At the same time, Sharon has not abandoned his fundamental ideological support for the right of Jews to settle everywhere in the Greater Land of Israel.
Add the U.S. pressures on Israel to back off from its military operations in the West Bank, and you have a truly beleaguered prime minister.
Domestic politics further exacerbate Sharon’s dilemma. He wants to maintain the unity government, and especially his partnership with Peres.
But he does not want to alienate his core constituency — the Likud, the Orthodox and the settlers — especially with former and would-be-future Prime Minister Benjamin Netanyahu ready to compete for leadership of the Likud.

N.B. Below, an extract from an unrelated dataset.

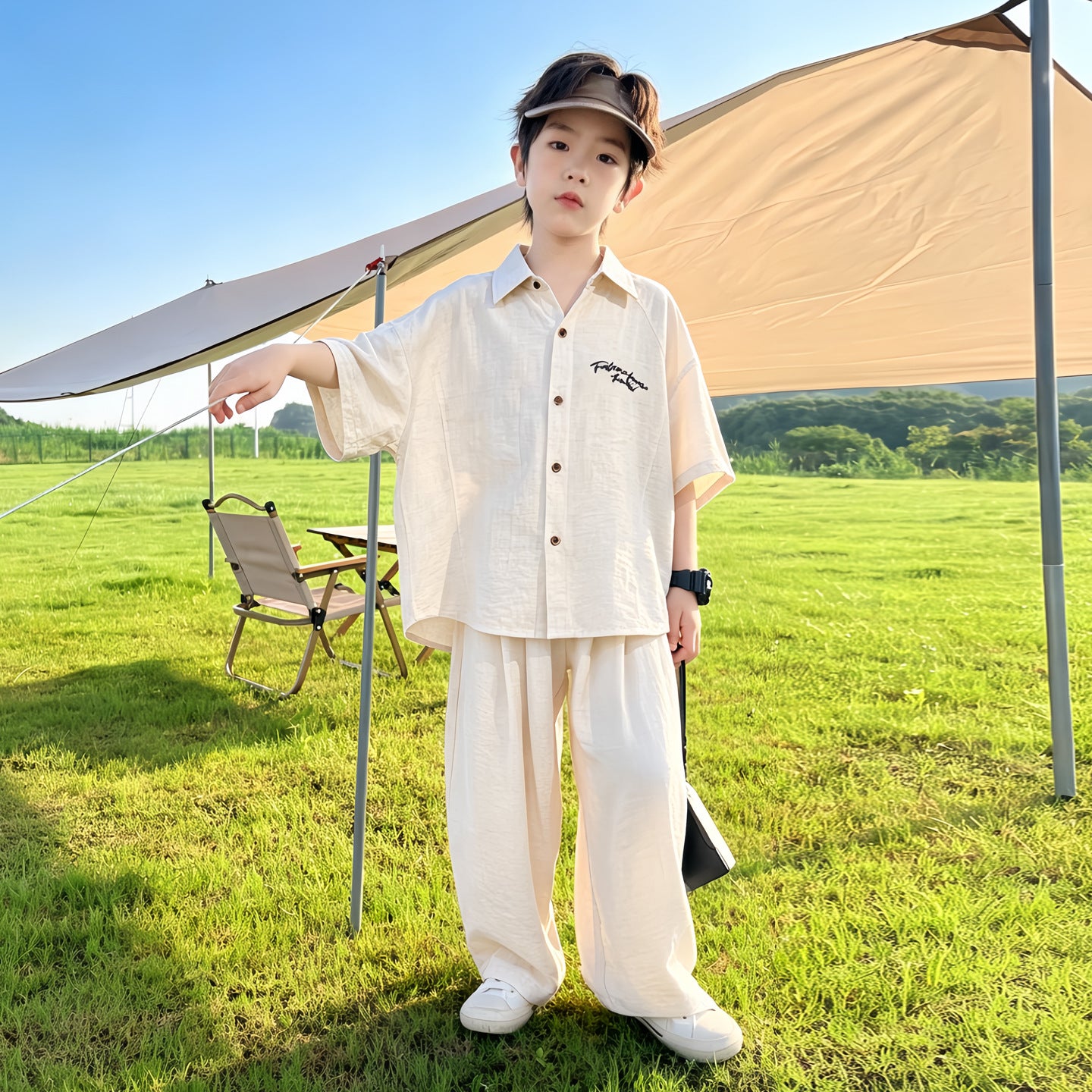 Children's Short Sleeve Shirt Set for Boys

At Monday night’s demonstration in Jerusalem, the leader of the National Religious Party, Rabbi Yitzhak Levy, demanded that Sharon make his choice: If the P.A. does indeed harbor terrorists, as Sharon has claimed, then the premier must fire Peres, who is visiting Washington making the opposite argument. One government cannot speak with two voices, Levy said.

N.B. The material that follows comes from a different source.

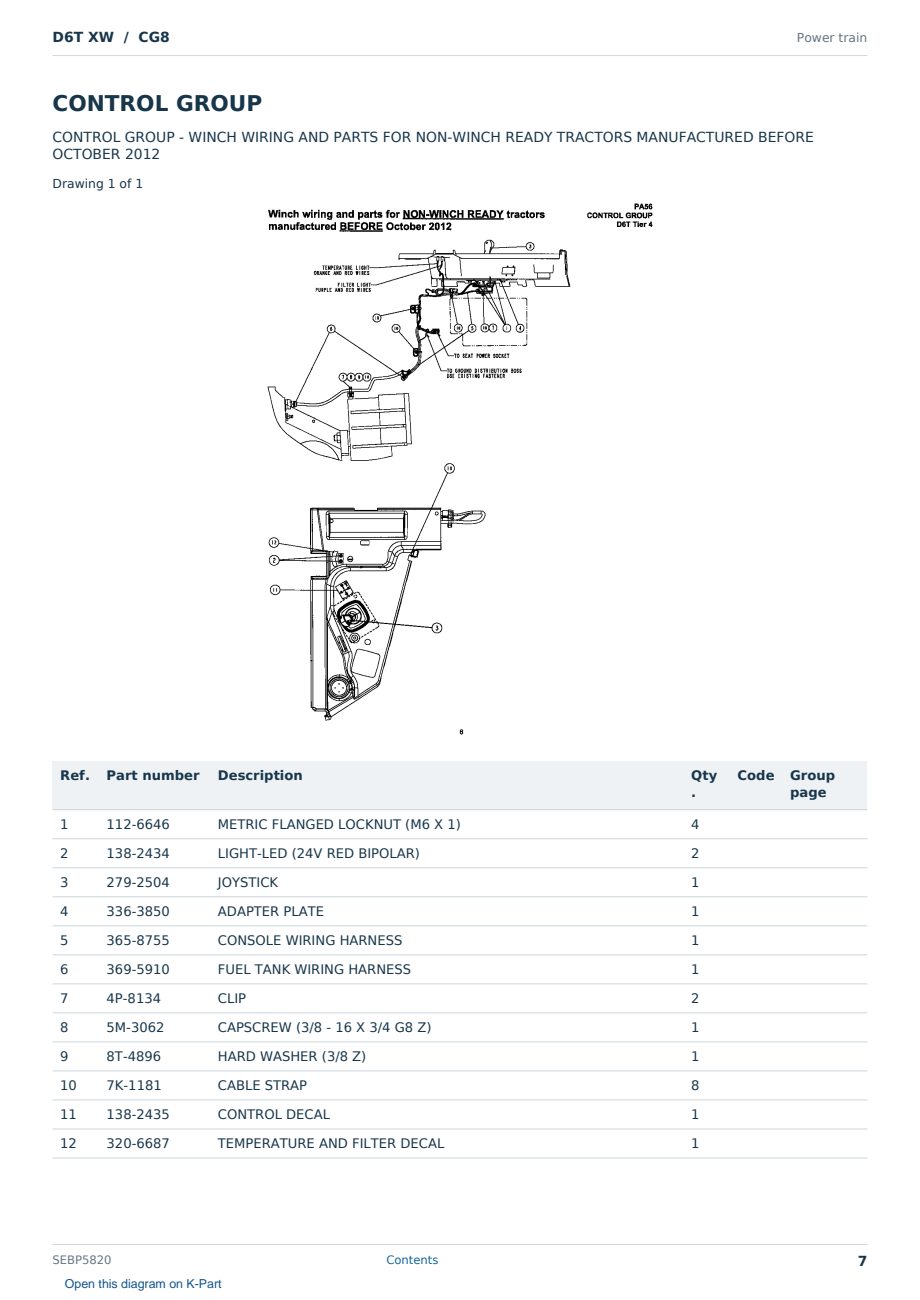 Caterpillar D6T XW S/N CG8 Partsbook SEBP5820 (English) - sample page 7 of 10 Caterpillar D6T XW S/N CG8 Partsbook SEBP5820 (English) - sample page 7 of 10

Avigdor Lieberman, leader of the Israel, Our Home Party — which deferred its planned secession from the government following the killing of Ze’evi — demanded at the demonstration that Sharon formally declare the P.A. a terrorist enemy and order the army back into Palestinian areas of Hebron.
Otherwise, Lieberman said, his party would quit — as he had first announced when Israeli troops withdrew from Hebron last week.
Yet to do either of these would trigger an avalanche of American condemnation, and could well push Labor out of the coalition.
U.S. officials have come down hard on Arafat, too, publicly and in private.
They are demanding that he act against the PFLP, though they are not specifically endorsing Israel’s demand that he extradite the perpetrators of Ze’evi’s assassination to Israel.
If Arafat, under this arm-twisting, does take some credible action, this could at least partially defuse Sharon’s dilemma.
He could order the army out of the West Bank cities, claiming that the military incursions had achieved their goal.
In the short term, Sharon would have succeeded in balancing the conflicting pressures facing him.
In the longer term, however, his predicament is unenviable.